:: TASK ITEM ::
Set down every line from the one containing "آتشسوزی گسترده در" through the last line of the records below, exactly as written, and leave out the pictures.

:: RECORD EXTRACTS ::
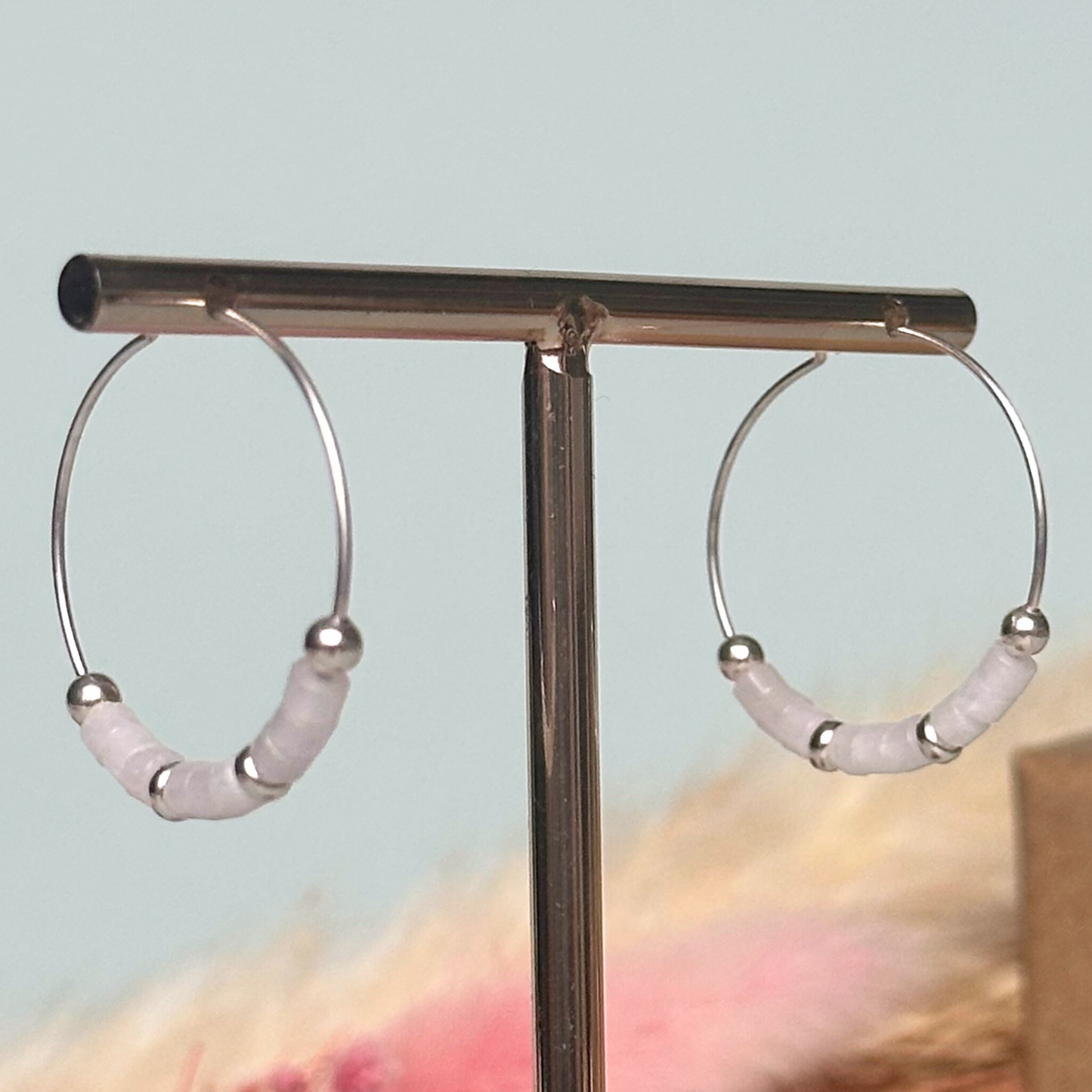 White jade sterling silver 25mm hoop earrings, white jade silver earrings
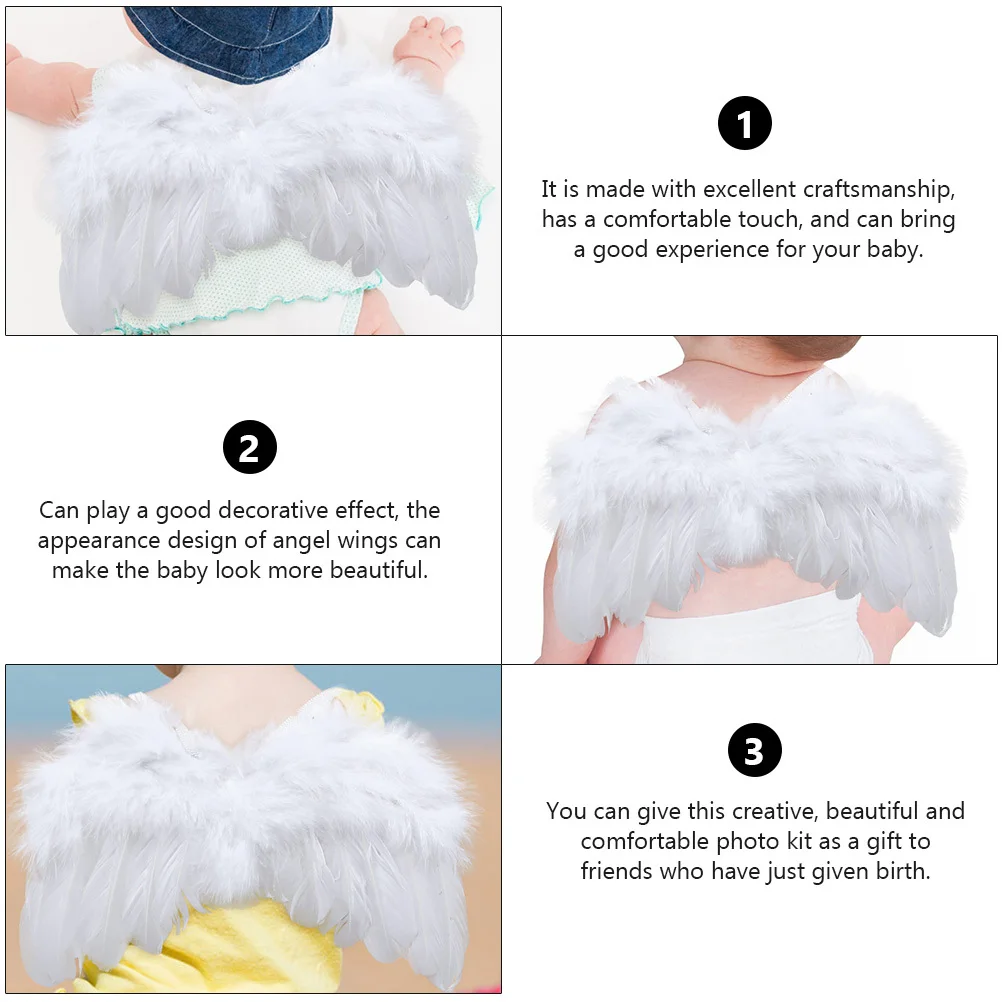 

1Set Beautiful Angel Wings Decor for Baby Photography with Leaf Headband Prop Wing Props Angel Wings Decor Baby Wing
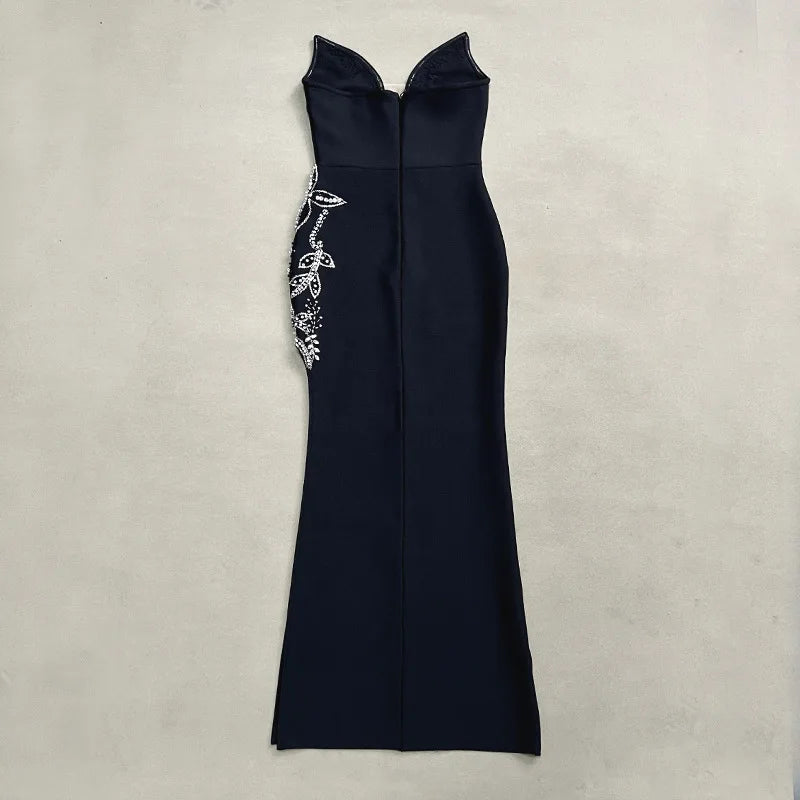 Women Shinning Crystal Strapless Off the Shoulder Bodycon Long Bandage Dress Elegant Evening Party Birthday Outfit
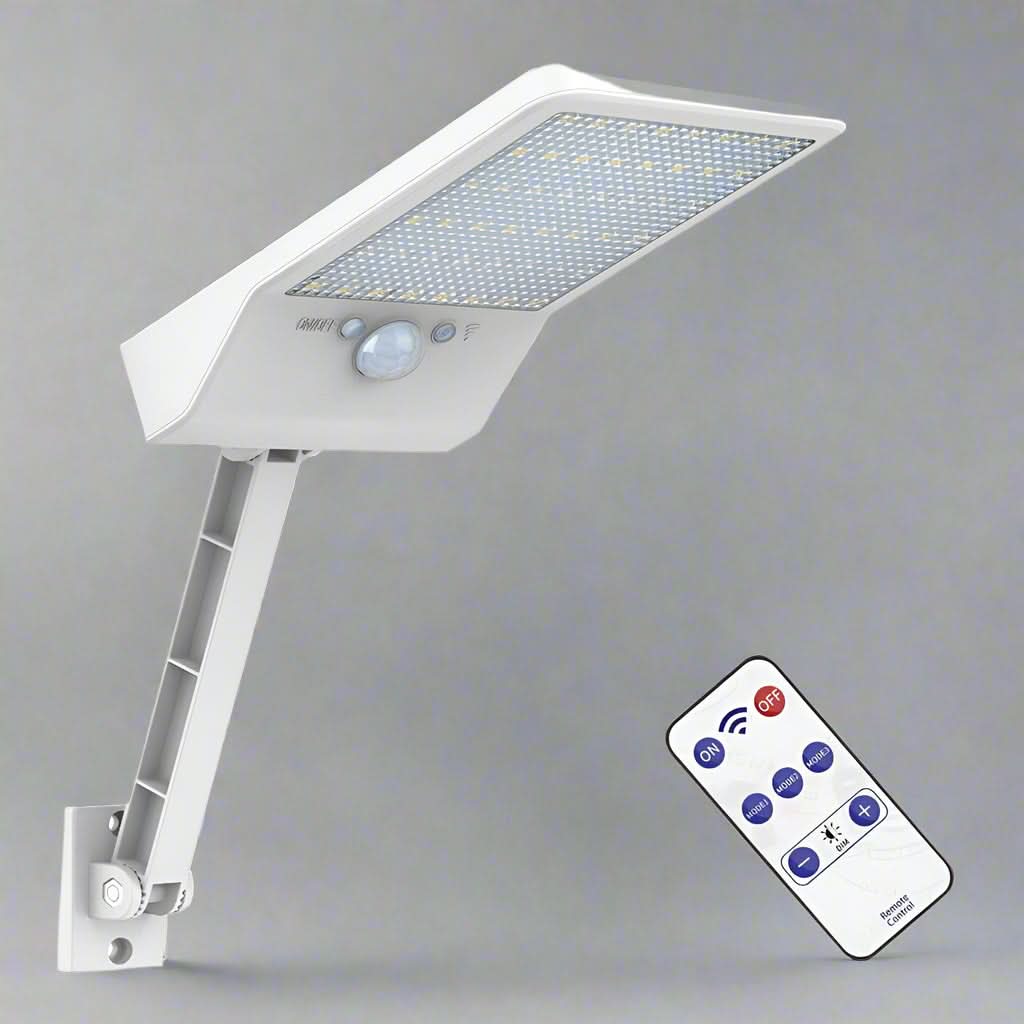 Faretto LED solare NovaGlow — Luce di sicurezza per esterni, sensore di movimento, telecomando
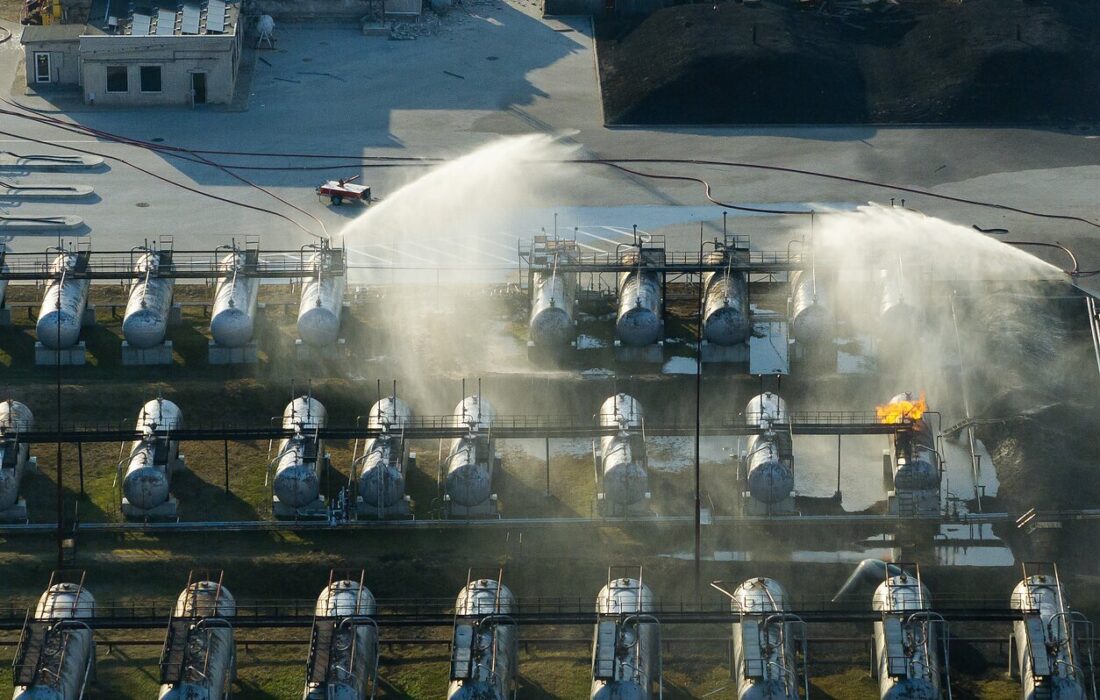 آتشسوزی گسترده در جایگاه گاز مایع ویلنیوس لیتوانی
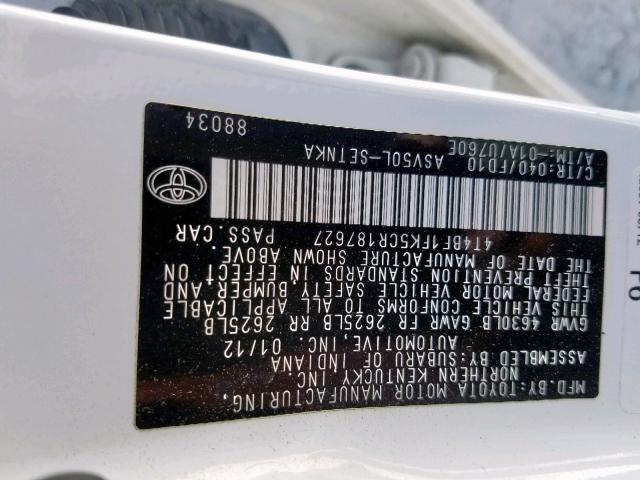 4T4BF1FK5CR187627 - 2012 TOYOTA CAMRY BASE WHITE photo 10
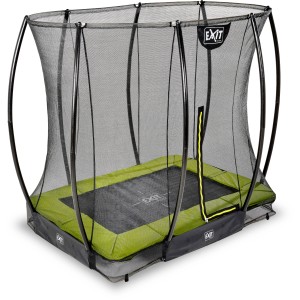 Grünes EXIT Silhouette Bodentrampolin 153x214cm mit Sicherheitsnetz.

:: RESPONSE TO THIS EXERCISE ::
 آتشسوزی گسترده در جایگاه گاز مایع ویلنیوس لیتوانی
 4T4BF1FK5CR187627 - 2012 TOYOTA CAMRY BASE WHITE photo 10
 Grünes EXIT Silhouette Bodentrampolin 153x214cm mit Sicherheitsnetz.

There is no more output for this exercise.